Short web captions:
-- Opening Marker --
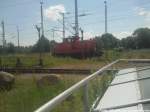 363 136-3 bei der Einfahrt ins Rostocker BW am 22.6.13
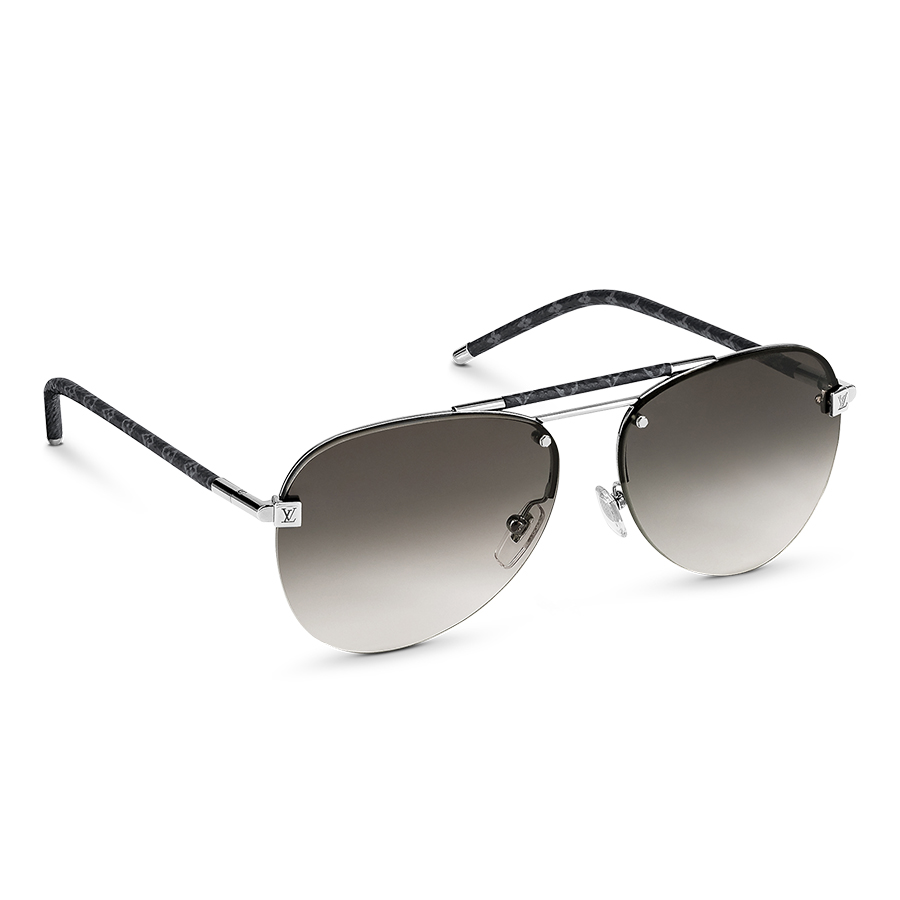 Kính Mát Louis Vuitton LV Clockwise Canvas Sunglasses Z1109W Màu Xám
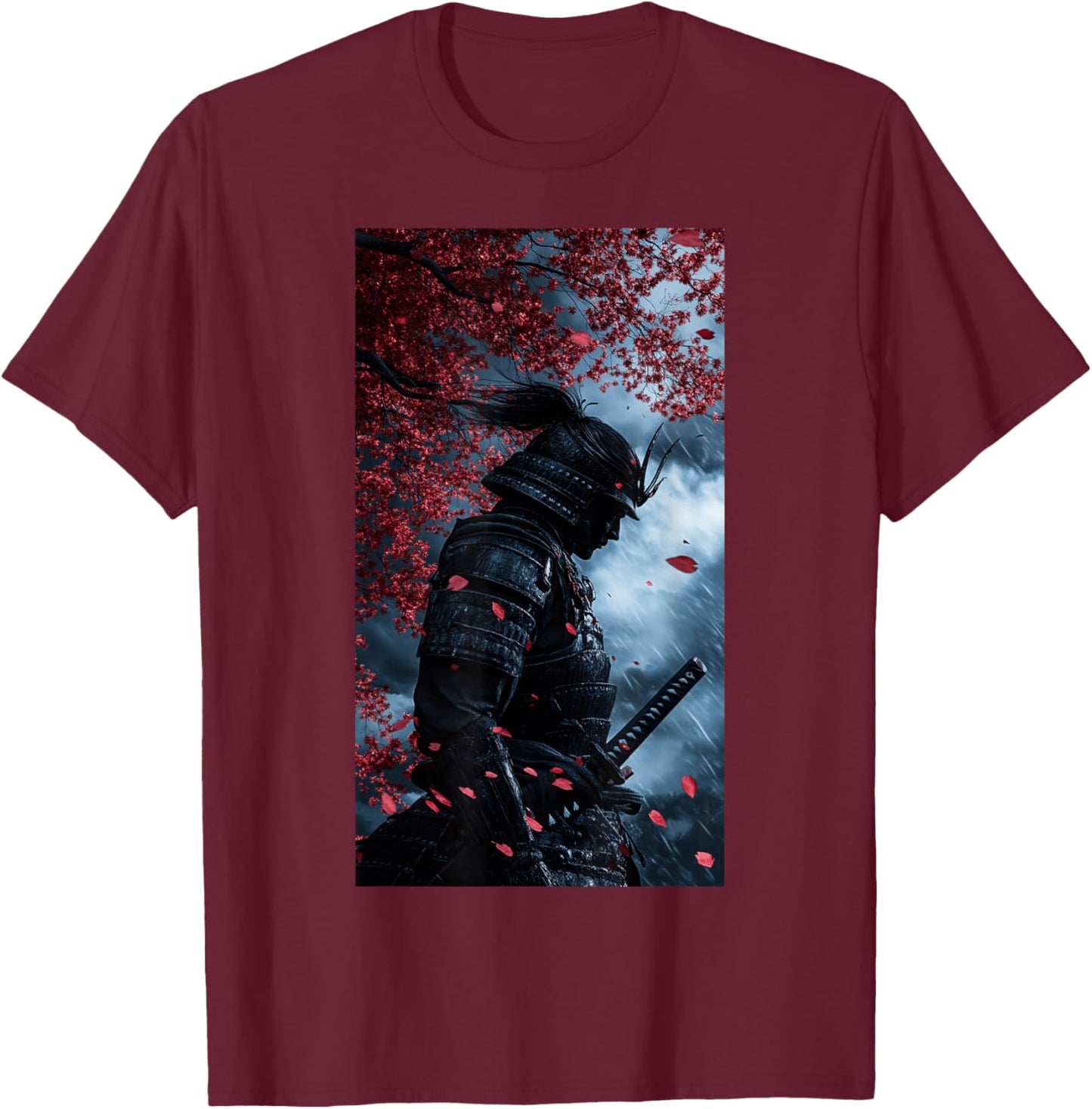 Samurai Warrior Japanese culture Ninja Katana T-Shirt - T-Shirt | Maroon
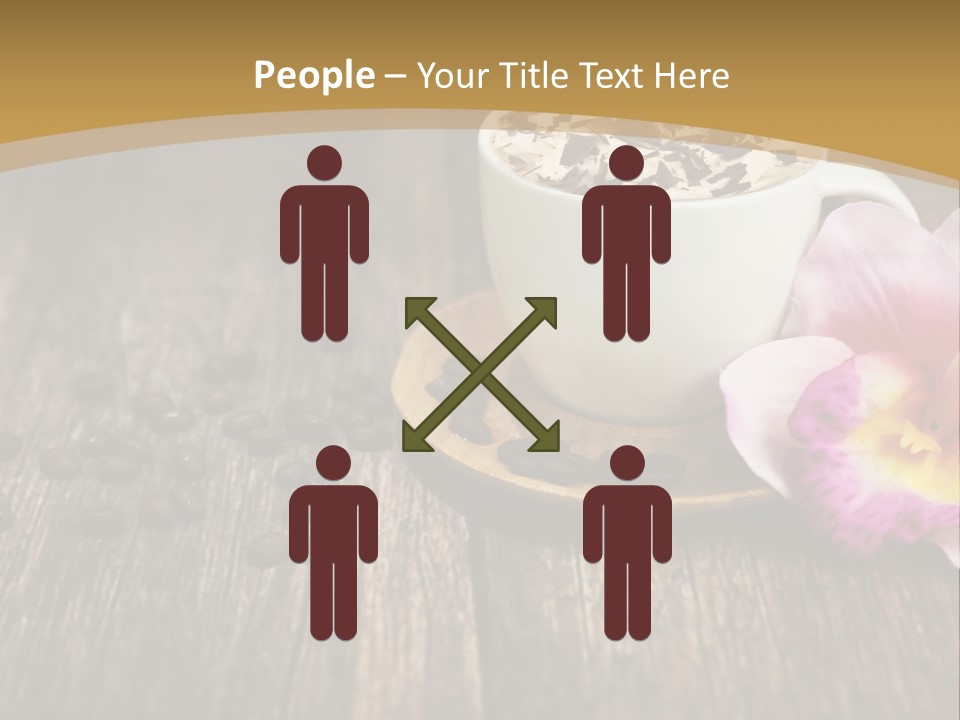 Coffee Cup Literature Aroma PowerPoint Template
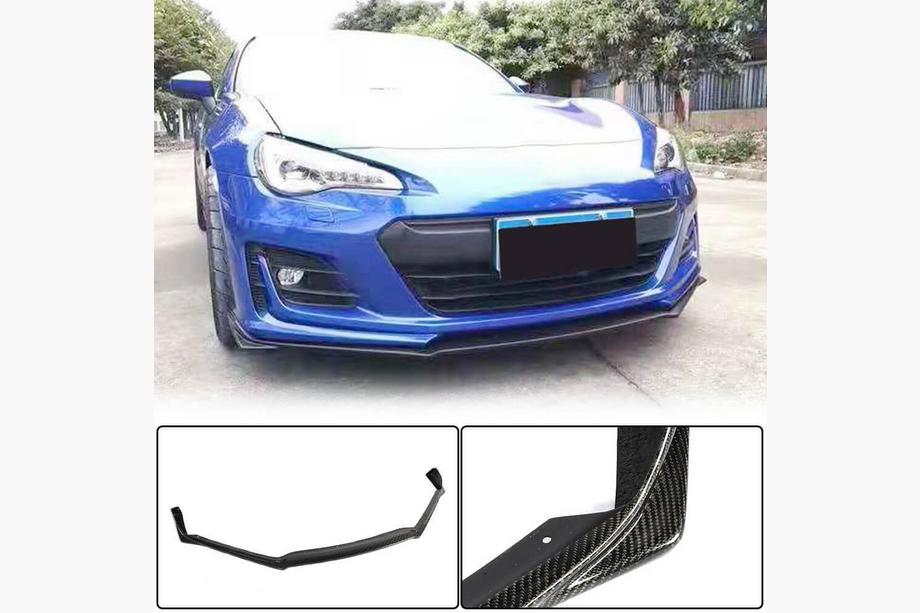 Subaru BRZ 2012-2021 Lip delantero V1 para parachoques (2017-2021, Carbono) Foto 1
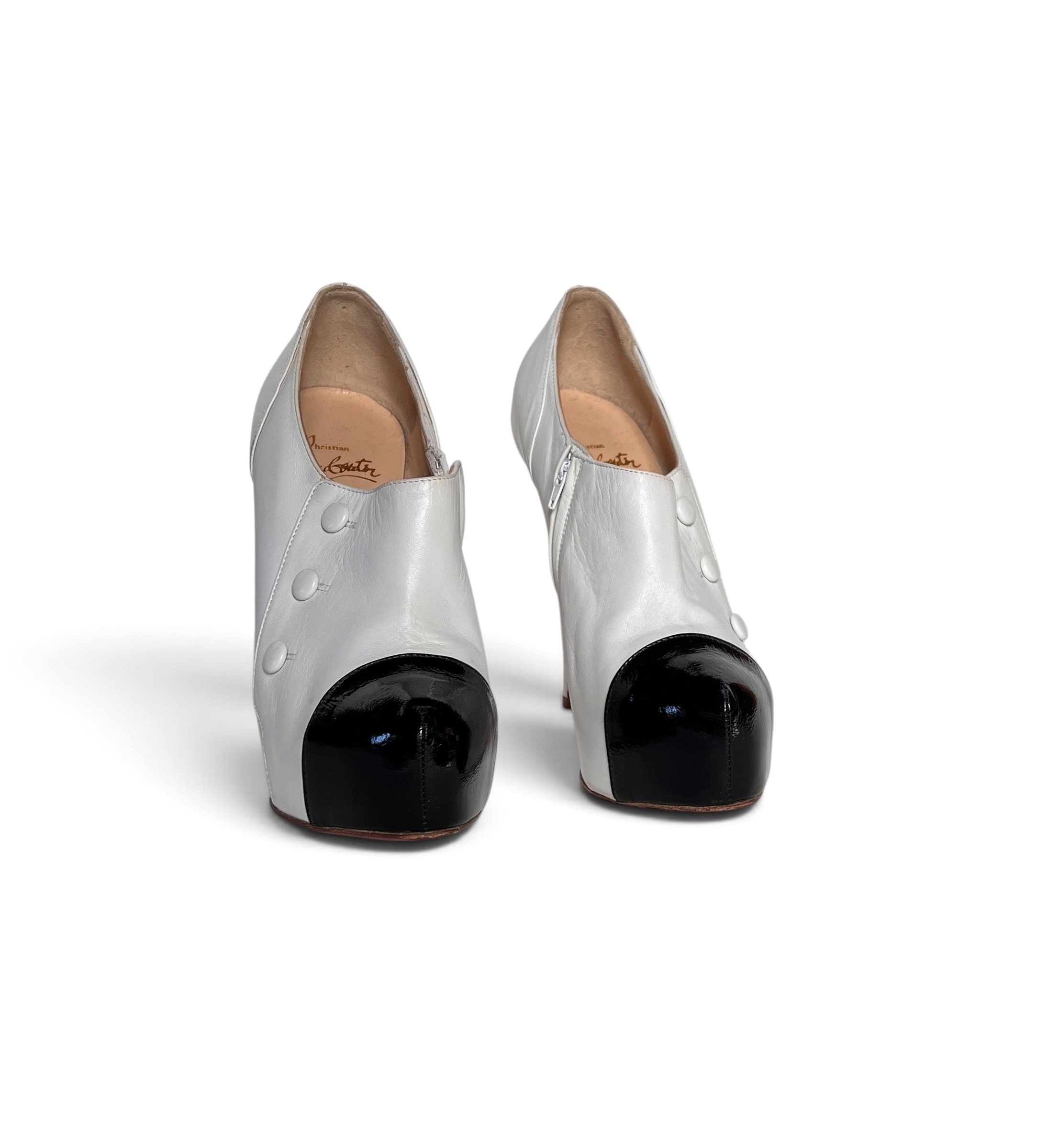 Christian Louboutin “Emily” Spat Shoe Boots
-- Closing Marker --
**WHAT YOU WILL DO**
A word-for-word copy of the records is required. Leave out every picture.

**TASK RESULT**
 363 136-3 bei der Einfahrt ins Rostocker BW am 22.6.13
 Kính Mát Louis Vuitton LV Clockwise Canvas Sunglasses Z1109W Màu Xám
 Samurai Warrior Japanese culture Ninja Katana T-Shirt - T-Shirt | Maroon
 Coffee Cup Literature Aroma PowerPoint Template
 Subaru BRZ 2012-2021 Lip delantero V1 para parachoques (2017-2021, Carbono) Foto 1
 Christian Louboutin “Emily” Spat Shoe Boots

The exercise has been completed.